»»

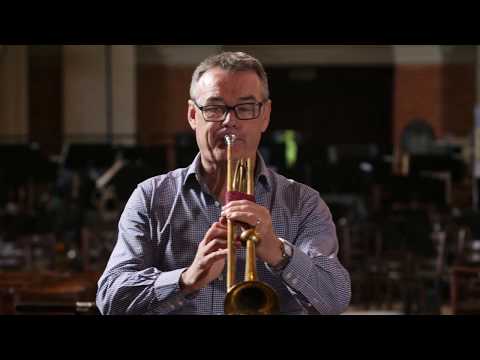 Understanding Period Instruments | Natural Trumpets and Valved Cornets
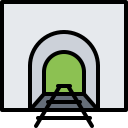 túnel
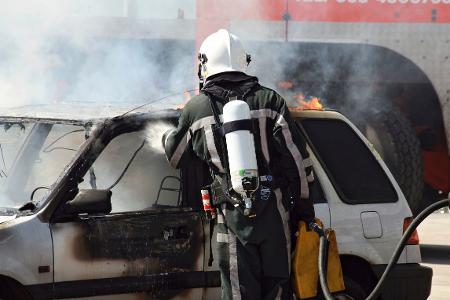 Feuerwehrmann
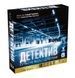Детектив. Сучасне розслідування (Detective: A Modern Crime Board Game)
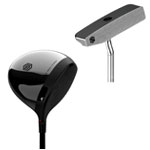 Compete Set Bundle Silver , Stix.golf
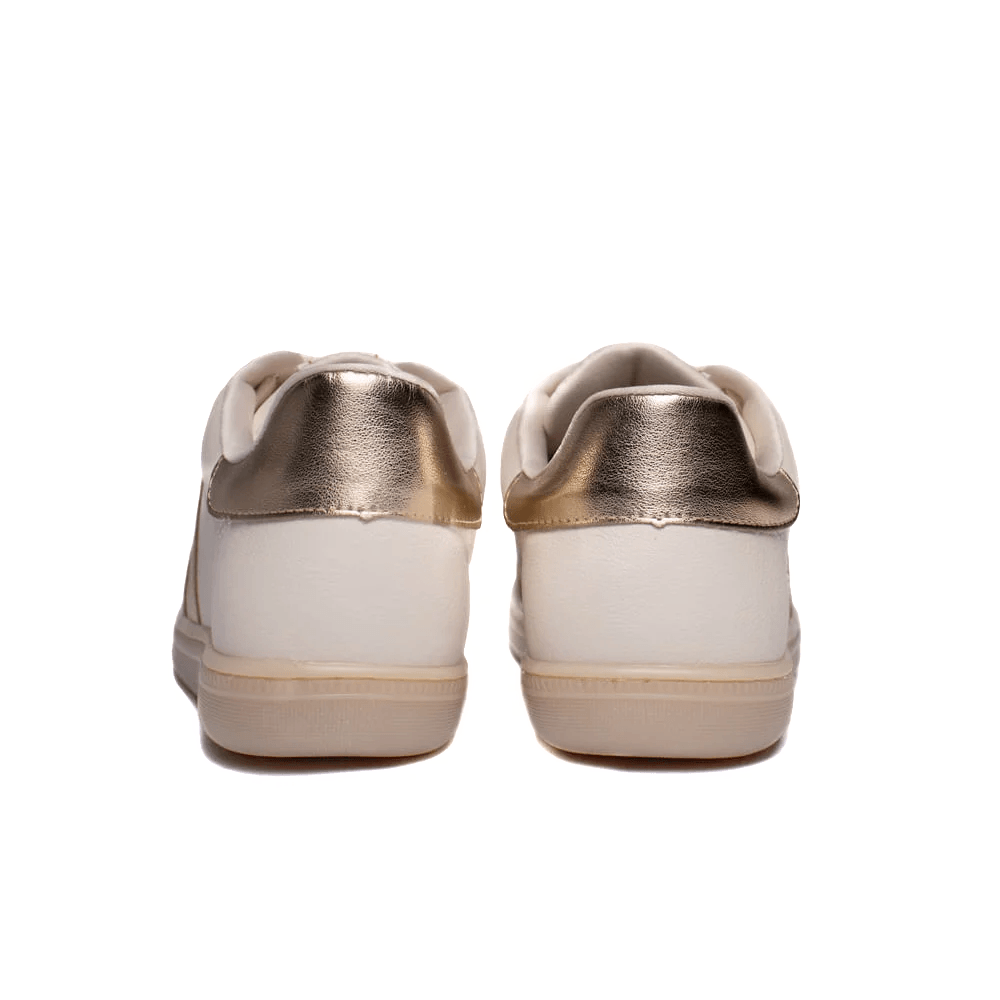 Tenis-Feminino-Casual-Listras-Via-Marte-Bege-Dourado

««
»»

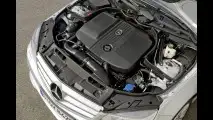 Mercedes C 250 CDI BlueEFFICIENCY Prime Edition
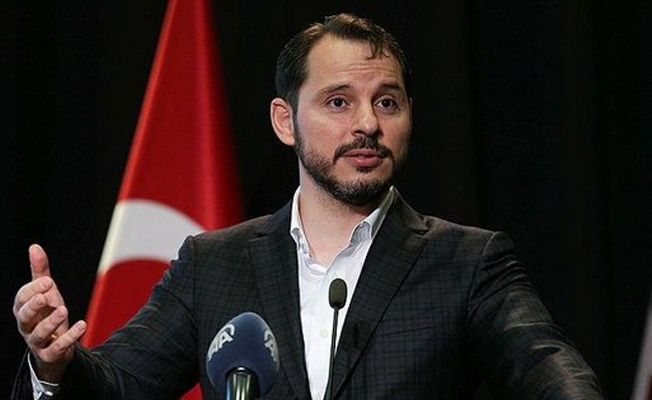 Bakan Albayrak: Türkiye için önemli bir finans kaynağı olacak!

««

--- Directions ---
Set the pictures aside and transcribe exactly the stretch of lines above, beginning with the one holding "Understanding Period Instruments" and ending with the one holding "Tenis-Feminino-Casual-Listras-Via-Marte-Bege-Dourado".

--- Problem solution ---
 Understanding Period Instruments | Natural Trumpets and Valved Cornets
 túnel
 Feuerwehrmann
Детектив. Сучасне розслідування (Detective: A Modern Crime Board Game)
 Compete Set Bundle Silver , Stix.golf
 Tenis-Feminino-Casual-Listras-Via-Marte-Bege-Dourado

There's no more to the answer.